(Data entries)
———
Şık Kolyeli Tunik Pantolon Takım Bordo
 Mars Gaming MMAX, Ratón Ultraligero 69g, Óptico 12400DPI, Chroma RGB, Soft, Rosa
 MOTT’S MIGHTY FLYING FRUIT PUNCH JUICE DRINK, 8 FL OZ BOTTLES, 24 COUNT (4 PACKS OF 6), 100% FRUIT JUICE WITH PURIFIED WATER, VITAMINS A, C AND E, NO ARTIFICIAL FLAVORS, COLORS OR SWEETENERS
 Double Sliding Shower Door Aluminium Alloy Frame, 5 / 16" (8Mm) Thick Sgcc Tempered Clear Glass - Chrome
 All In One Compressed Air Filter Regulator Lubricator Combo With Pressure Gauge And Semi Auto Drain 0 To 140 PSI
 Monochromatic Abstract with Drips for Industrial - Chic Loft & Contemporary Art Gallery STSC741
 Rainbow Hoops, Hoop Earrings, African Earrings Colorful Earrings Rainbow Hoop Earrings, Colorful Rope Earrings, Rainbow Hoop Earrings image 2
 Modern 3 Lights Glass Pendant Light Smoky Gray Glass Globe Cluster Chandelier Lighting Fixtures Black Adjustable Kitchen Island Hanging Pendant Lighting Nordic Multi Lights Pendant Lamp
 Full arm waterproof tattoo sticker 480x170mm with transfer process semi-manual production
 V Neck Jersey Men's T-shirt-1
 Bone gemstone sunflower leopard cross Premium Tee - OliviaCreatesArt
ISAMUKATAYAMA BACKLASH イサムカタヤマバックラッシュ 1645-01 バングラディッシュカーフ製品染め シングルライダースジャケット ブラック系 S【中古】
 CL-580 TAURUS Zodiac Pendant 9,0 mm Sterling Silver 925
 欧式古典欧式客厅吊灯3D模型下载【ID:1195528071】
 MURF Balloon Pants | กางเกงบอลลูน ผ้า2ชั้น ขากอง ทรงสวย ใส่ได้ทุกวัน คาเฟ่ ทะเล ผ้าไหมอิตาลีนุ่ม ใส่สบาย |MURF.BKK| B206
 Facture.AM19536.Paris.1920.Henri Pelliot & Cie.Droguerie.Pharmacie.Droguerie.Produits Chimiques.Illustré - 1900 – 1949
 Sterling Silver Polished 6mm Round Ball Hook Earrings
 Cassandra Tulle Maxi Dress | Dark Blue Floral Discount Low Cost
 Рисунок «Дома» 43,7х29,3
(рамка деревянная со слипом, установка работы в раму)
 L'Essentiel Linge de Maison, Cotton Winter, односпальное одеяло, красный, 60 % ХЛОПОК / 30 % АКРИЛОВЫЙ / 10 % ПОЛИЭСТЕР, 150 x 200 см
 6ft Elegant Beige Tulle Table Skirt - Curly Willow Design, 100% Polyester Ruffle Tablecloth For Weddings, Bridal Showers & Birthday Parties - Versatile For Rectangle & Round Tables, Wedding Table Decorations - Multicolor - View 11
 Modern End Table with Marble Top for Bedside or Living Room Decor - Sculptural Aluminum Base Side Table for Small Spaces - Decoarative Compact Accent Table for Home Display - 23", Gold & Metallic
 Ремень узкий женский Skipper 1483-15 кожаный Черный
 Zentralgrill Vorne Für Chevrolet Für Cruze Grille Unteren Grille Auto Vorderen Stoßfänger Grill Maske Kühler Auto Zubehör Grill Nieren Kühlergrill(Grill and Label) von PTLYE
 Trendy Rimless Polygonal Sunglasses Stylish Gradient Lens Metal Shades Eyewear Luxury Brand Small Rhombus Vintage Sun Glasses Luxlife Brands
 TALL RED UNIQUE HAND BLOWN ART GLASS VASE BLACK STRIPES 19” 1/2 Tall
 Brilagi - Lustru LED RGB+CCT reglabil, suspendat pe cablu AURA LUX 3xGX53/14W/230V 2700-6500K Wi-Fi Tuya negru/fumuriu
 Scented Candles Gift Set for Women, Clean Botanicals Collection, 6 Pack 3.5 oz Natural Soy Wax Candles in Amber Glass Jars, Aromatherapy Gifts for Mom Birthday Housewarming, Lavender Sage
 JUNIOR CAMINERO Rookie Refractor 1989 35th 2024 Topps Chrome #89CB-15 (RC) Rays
———
[What to work on]
Find the line that contains "Scented Candles Gift". Restate it and all lines after it exactly, ending with the final line of the data.

[Result for this exercise]
 Scented Candles Gift Set for Women, Clean Botanicals Collection, 6 Pack 3.5 oz Natural Soy Wax Candles in Amber Glass Jars, Aromatherapy Gifts for Mom Birthday Housewarming, Lavender Sage
 JUNIOR CAMINERO Rookie Refractor 1989 35th 2024 Topps Chrome #89CB-15 (RC) Rays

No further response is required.